Determining the Number of Communities in Sparse and Imbalanced Settings
Zhixuan Shao, Can M. Le
TL;DR
This work tackles the challenge of determining the number of communities $K$ in sparse and imbalanced networks. It introduces a centered non-backtracking–type operator, $ ext{hat}\underline{H}$, whose leading eigenvalue serves as a robust goodness-of-fit statistic for testing $K$, with strong theoretical results on null behavior and asymptotic power in both dense and ultra-sparse regimes. Empirically, centering improves signal under imbalance, enabling more reliable detection of multiple blocks and more accurate label estimation, as demonstrated through extensive simulations and a political blog data example. The approach offers a tuning-free alternative to Bethe-Hessian methods, connects to non-backtracking walk theory, and provides practical recursive testing strategies for determining $K$ in real networks.
Abstract
Community structures represent a crucial aspect of network analysis, and various methods have been developed to identify these communities. However, a common hurdle lies in determining the number of communities K, a parameter that often requires estimation in practice. Existing approaches for estimating K face two notable challenges: the weak community signal present in sparse networks and the imbalance in community sizes or edge densities that result in unequal per-community expected degree. We propose a spectral method based on a novel network operator whose spectral properties effectively overcome both challenges.

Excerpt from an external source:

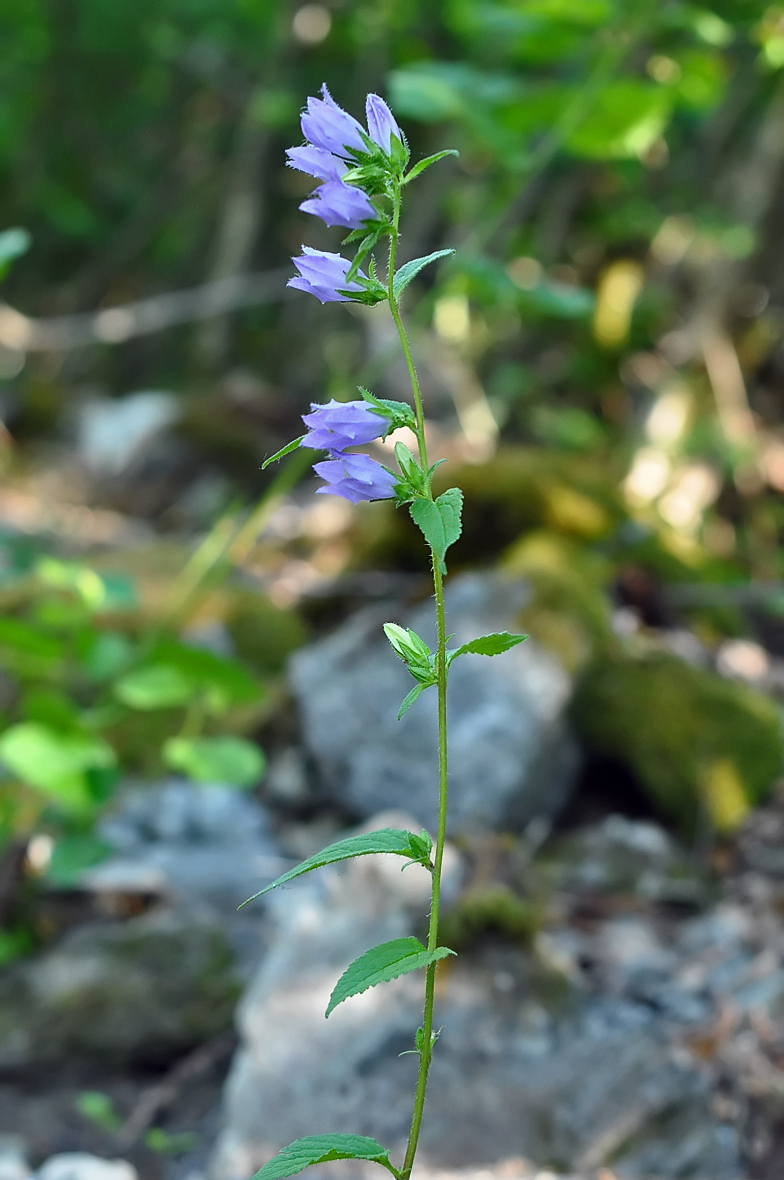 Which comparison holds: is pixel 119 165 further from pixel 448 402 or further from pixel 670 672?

This operator is a refined version of the non-backtracking operator, adapted from a "centered" adjacency matrix. Its leading eigenvalues are more concentrated than those of the adjacency matrix for sparse networks, while they also demonstrate enhanced signal under imbalance scenarios, a benefit attributed to the centering step. This is justified, either theoretically or numerically, under the null model K = 1, in both dense and ultra-sparse settings. A goodness-of-fit test based on the leading eigenvalue can be applied to determine the number of communities K.